» INPUT DATA:
((

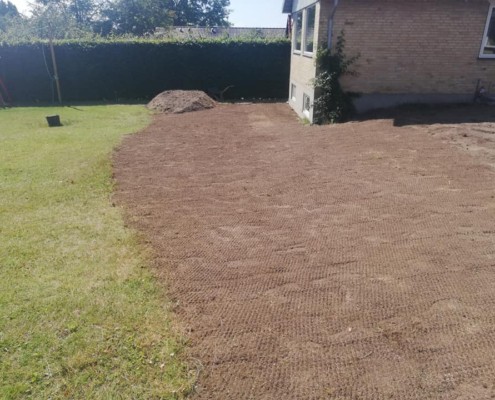 Jord og græsplæne
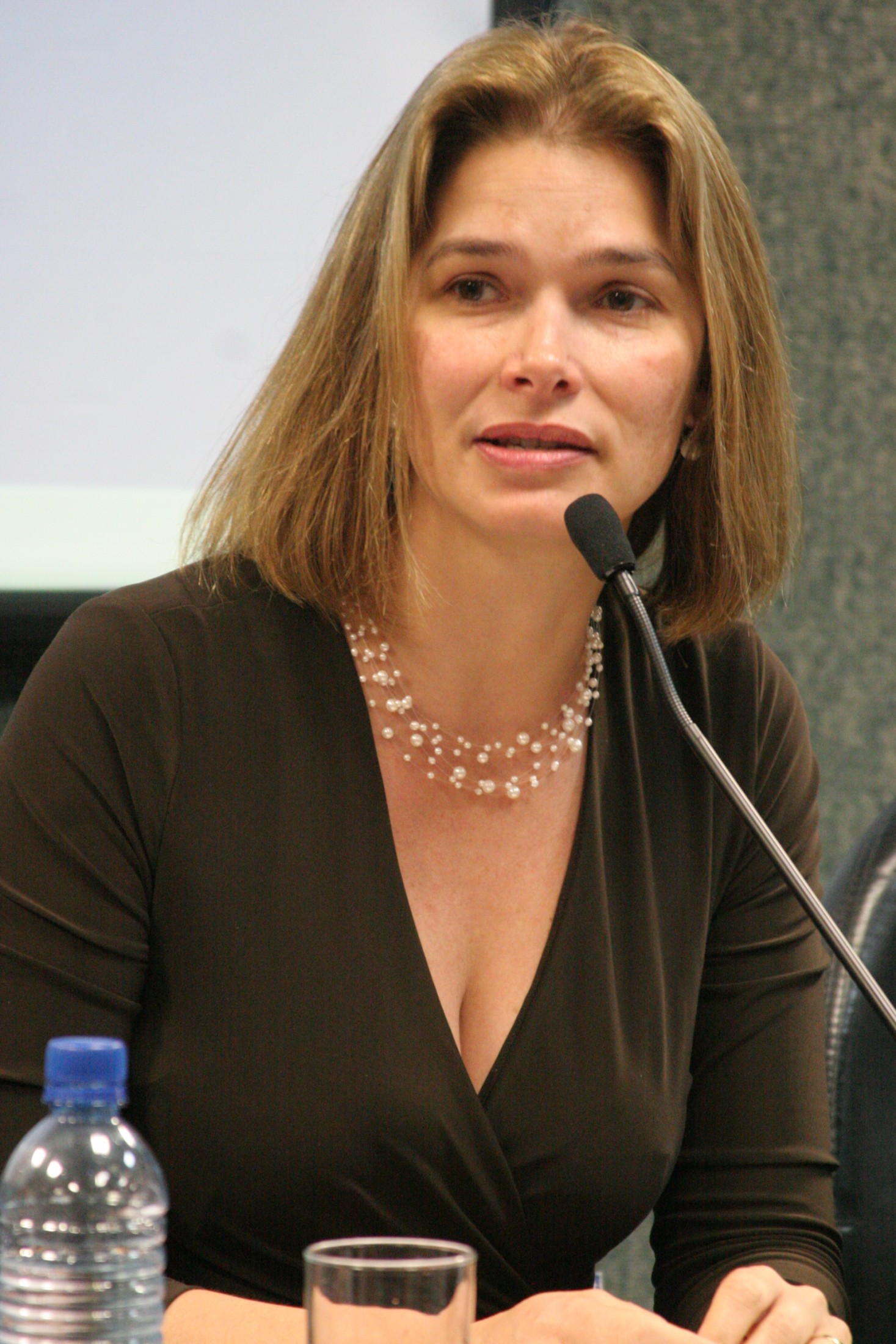 Deputada Angela Albino (PCdoB)
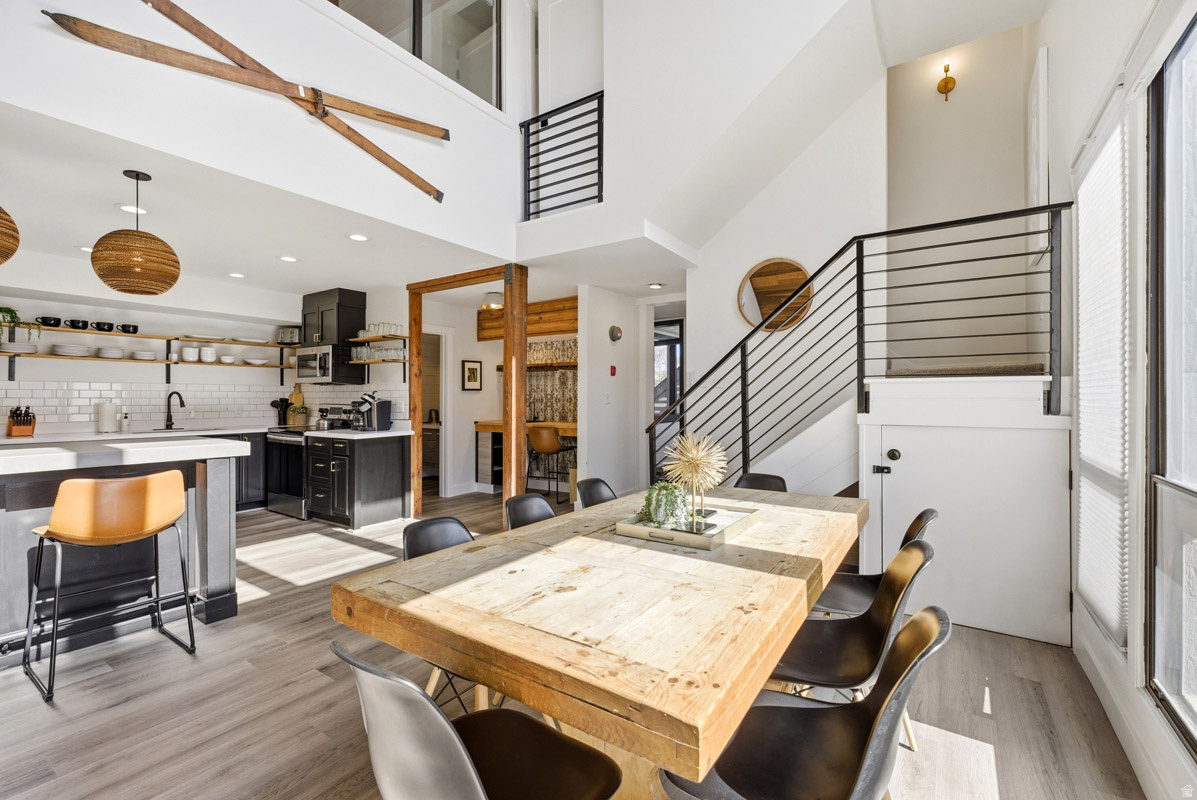 PAY DAY CONDOMINIUM - Residential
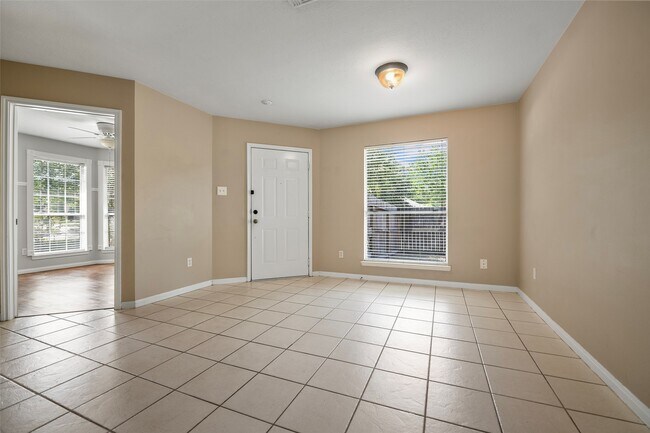 Building Photo - 18103 Gravenhurst Ln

))

» EXERCISE REQUIREMENTS: Apart from the pictures, every line of the material above is to be returned word for word.

» REPLY TO THE EXERCISE:
 Jord og græsplæne
 Deputada Angela Albino (PCdoB)
 PAY DAY CONDOMINIUM - Residential
 Building Photo - 18103 Gravenhurst Ln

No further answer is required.